21 de janeiro de 2011 . Publicado no blog EscHritos de Dança

À primeira vista, me saltou aos olhos a trilha sonora de “Silêncio”, composta por um dos intérpretes do elenco da Cia. Etc., Marcelo Sena. Curiosamente esta foi a primeira criação musical para dança de Sena, mas já mostra o caminho coerente, nitidamente influenciado pelos acasos e a fragmentação propostas pelos músicos norte-americanos John Cage e Philip Glass. Nada linear e aparentemente aleatória, a composição fala alto, sendo responsável pelos principais questionamentos desse silêncio tão barulhento. Será que existe um silêncio absoluto? Será que é possível calar um corpo? Depois de ver o “Silêncio” da Etc. em cena, fica difícil responder que sim.

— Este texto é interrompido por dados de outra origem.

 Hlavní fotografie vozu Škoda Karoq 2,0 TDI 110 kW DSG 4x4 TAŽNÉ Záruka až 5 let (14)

Com versão original criada em 2004, o espetáculo já aponta a direção da pesquisa coreográfica da companhia, centrada no corpo e suas relações com luz, som, vídeo, ambientes…Neste caso específico, vemos uma construção cênica que desloca refletores para multiplicar as formas corporais, em um jogo de deformação e transformação instigante. Direção e coreografia são assinadas pelo também iluminador Saulo Uchôa, um dos fundadores da Etc. Talvez isso explique a recorrência desta ênfase na relação luz-movimento nos trabalhos da companhia, como, por exemplo, em “Corpo-Massa: Pele e Ossos” e “Imagens não explodidas”. Anterior a essas duas montagens, “Silêncio”, expõe ao extremo esta relação quando escolhe malhas pretas como figurino, e sequências coreográficas que parecem servir exclusivamente para mostrar, evidenciar os frutos do contato intenso e constante entre corpo e iluminação.

“Silêncio” elege o minimalismo para construir suas narrativas fragmentadas. Uma cena em blackout total, guiada apenas pelos comandos de voz e percussão corporal dos bailarinos brinca com nossa imaginação, provando intencionalmente que as aparências enganam mesmo. Quando as luzes se acendem, vemos algo diferente do que o nosso pensamento desenhou, são outros os intérpretes executantes da sequência coreográfica e não os que os nossos indícios anunciaram.

O grito mudo dos bailarinos Marcelo Sena e Marta Guimarães (que, parecem pinturas líquidas, holografias ou animação em 3D); o corpo imóvel de um intérprete convidado (nesta apresentação, Ailce Moreira), sempre em cena; a trilha que vai tentando uma auto-sintonia, como se fosse um rádio fora de estação; constroem um discurso que chama pra perto, mas alerta para os perigos e ilusões desta aproximação exagerada. Nem tudo é o que se vê, e o silêncio pode guardar muitos sons e ruídos… é destas ambigüidades que surge a poesia impressa nos corpos dos intérpretes da Cia. Etc. Aliás, sempre que vejo esta companhia, tenho a impressão, apesar da subjetividade de cada integrante, de estar vendo um corpo só. Coesão parace ser palavra de ordem neste dançar. E isso fica nítido em todos os trabalhos da Etc., nos palcos, vídeos e em todos os suportes e formatos que eles exploram. No elenco de “Silêncio”, José W Júnior, Liana Gesteira, Marcelo Sena e Marta Guimarães, e a convidada da vez, Ailce Moreira, formam um só corpo de muitas falas desconexas, mas de significados profundos.